En España hay un obstáculo antes de enamorarse de uno: la etiqueta ambiental. Por las reglas de la DGT, los A2 de gasolina matriculados desde el 1 de enero de 2001 llevan etiqueta B, y los anteriores no llevan ninguna. Los diésel se quedan todos sin distintivo, porque para la B un diésel tiene que estar matriculado a partir de 2006. El coche que homologaba tres litros a los cien no entra hoy en una zona de bajas emisiones española. La norma mide por fecha de matriculación, no por lo que gasta el coche.
El A2 no es el único urbano de aquella época que ha vuelto a las listas de precios con batería: el Renault Twingo ya se entrega en España por menos de 20.000 euros.
Qué de todo esto hereda el A2 e-tron
El coche que Audi ha presentado hoy comparte con el de 2000 la idea de partida y casi ninguna de las soluciones.
La idea es la misma: hacer el coche más eficiente de la marca. El A2 e-tron homologa 12,8 kWh/100 km en su versión de 140 kW con el paquete de eficiencia, lo que lo convierte en el Audi de serie con el consumo homologado más bajo de la marca, y llega hasta 646 km WLTP en la variante de 170 kW con la batería de 84 kWh. La aerodinámica vuelve a ser el argumento central, con un coeficiente de 0,24, mejor que el 0,28 del A2 original y muy cerca del 0,25 que costó tanto trabajo sacarle al 3L.
Las soluciones, en cambio, son otras. Donde el A2 quitaba peso, el e-tron lo gestiona: mide bastante más, monta baterías de 52, 61 y 84 kWh y trabaja la eficiencia por la vía del aire, de los neumáticos y de la electrónica. El A2 llegaba a su cifra quitando kilos; el e-tron llega a la suya a pesar de ellos. La nota de prensa de Audi detalla el coeficiente aerodinámico, la química de las celdas y hasta el número de robots de la fábrica. No da el peso del coche. En 1999, ese dato era el titular.
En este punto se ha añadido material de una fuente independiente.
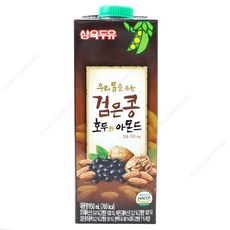 삼육두유 검은콩호두아몬드 두유, 950ml, 1세트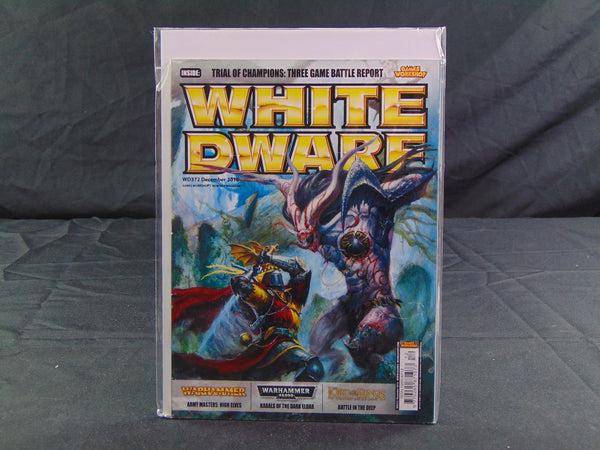 White Dwarf Issue 372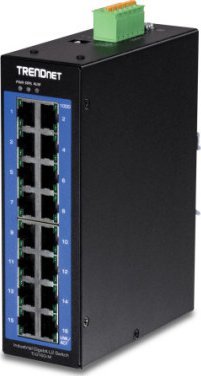 TRENDnet TRENDnet 16-Port Industr. Gigabit L2 Managed DIN-Rail Swit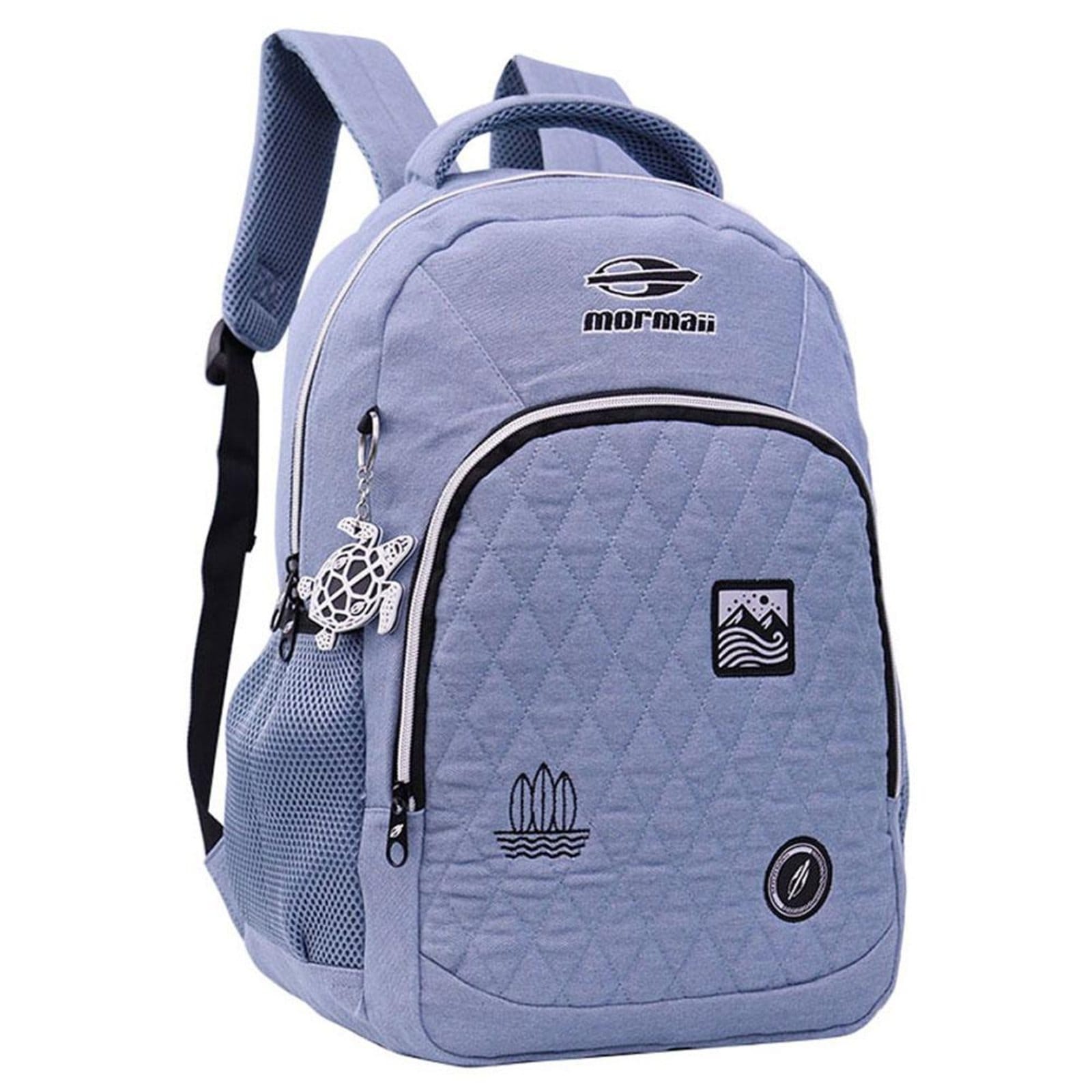 Mochila Mormaii Casual Denim MOR-2702 20L SM26 Azul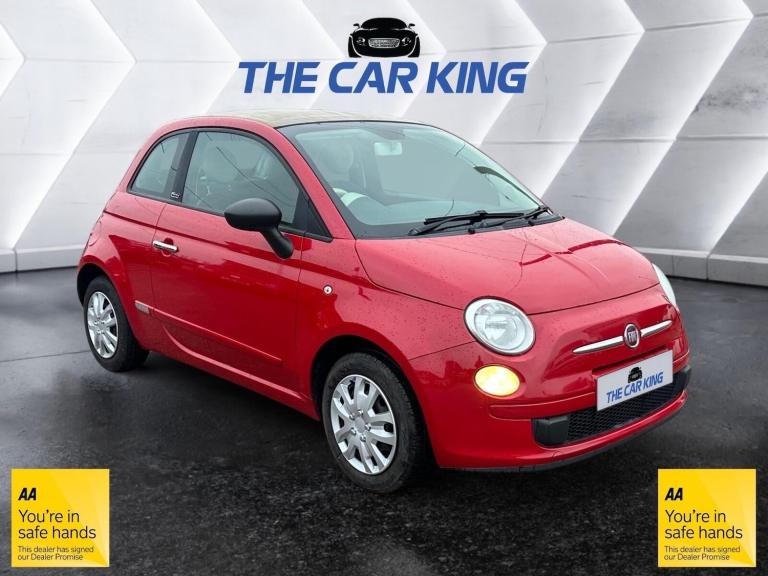 2015 Fiat 500C 1.2 Lounge Euro 6 (s/s) 2dr CONVERTIBLE Petrol Manual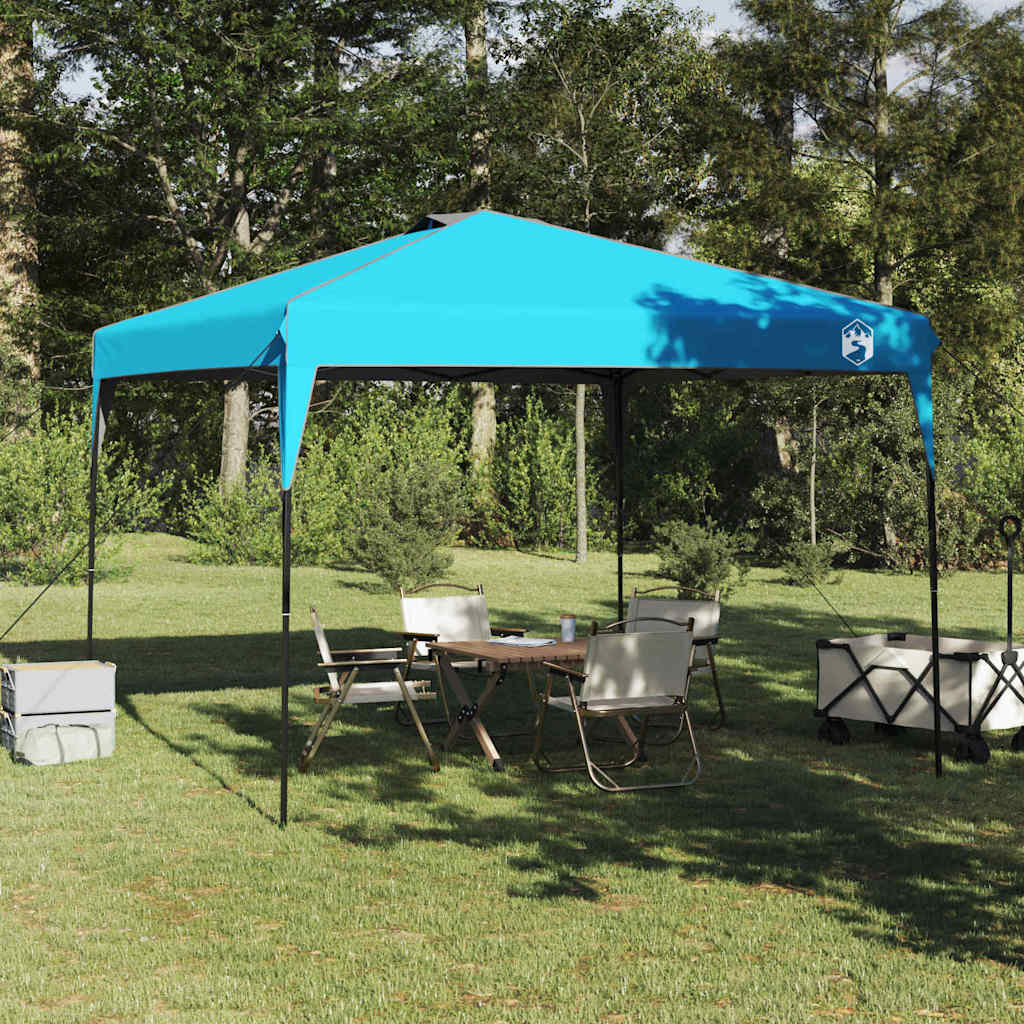 vidaXL Luifel Tent Blauw 290 x 290 x 251 cm Stof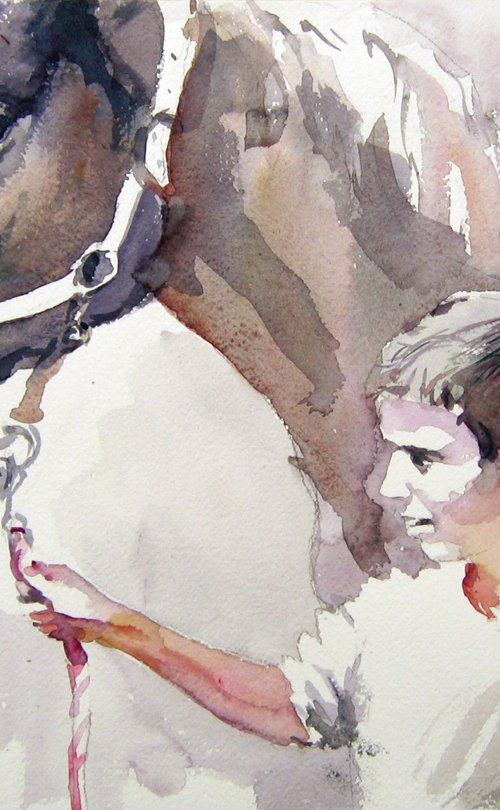 Friends by Goran Žigolić Watercolors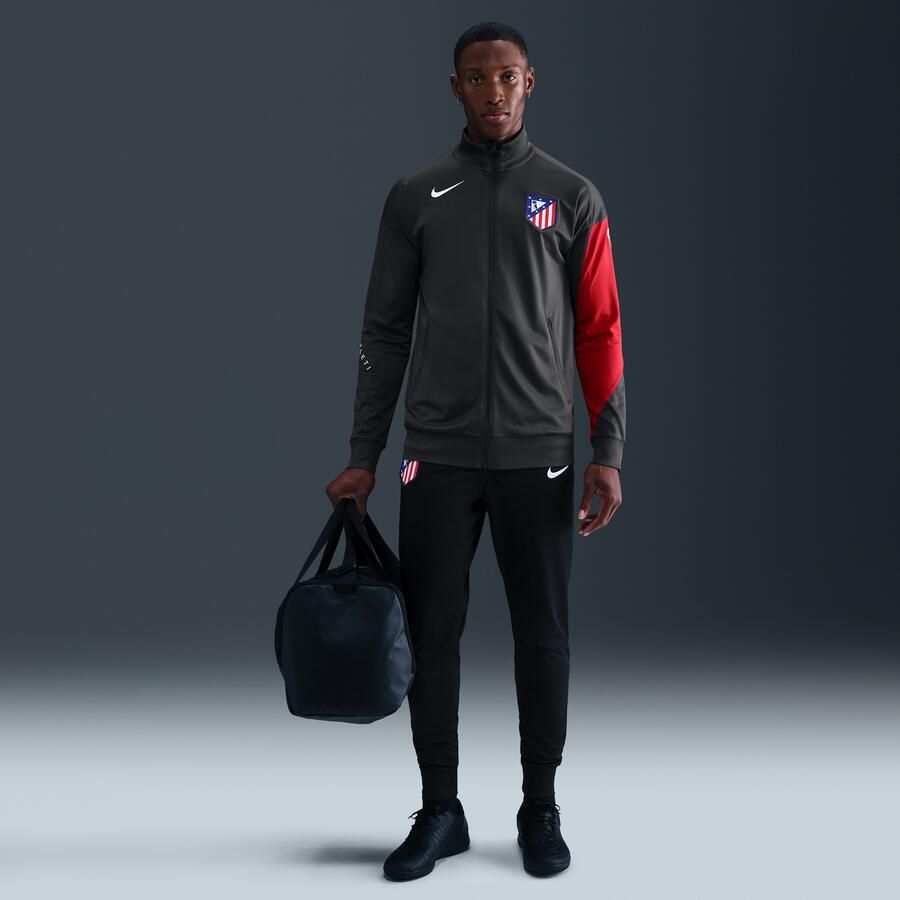 Nike Atlético Madrid Strike Derde Total 90 knit voetbaltrainingspak met Dri-FIT voor heren Grijs - Foto 4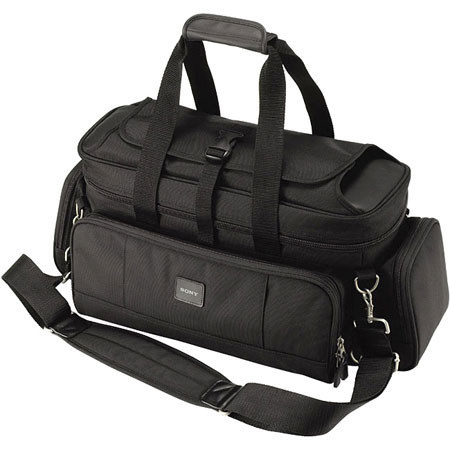 Sony LCS-VCB Soft Polypropylene Carrying Case for HDR-FX1 HDV Handycam Camcorder, Black.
El otro cambio es de fábrica y de propósito. El A2 se hizo en una planta construida a propósito para él en Neckarsulm; el A2 e-tron se fabrica en Ingolstadt, con su carrocería saliendo junto a la del A3 de combustión y reutilizando más de 1.200 equipos de fabricación y unos 250 robots que ya trabajaban en otros modelos. Audi presenta esa reutilización como parte de la eficiencia del proyecto, y en las cuentas lo es: el A2 original nació con una inversión industrial propia que 176.377 unidades no llegaron a amortizar.
Los precios, las cuatro potencias y lo que le vemos discutible al A2 e-tron los desmenuzamos en el análisis de su presentación. El resto de la oferta eléctrica de la marca está en el repaso a toda la gama de Audi en España.
El A2 llegó vendiendo eficiencia cuando el combustible era barato y el comprador miraba el número que llevaba el coche en el portón. Hoy la eficiencia es lo primero que anuncia un fabricante. Audi ha vuelto a colgar ese nombre en su coche que menos gasta, y la vara de medir se la puso ella misma en 1999.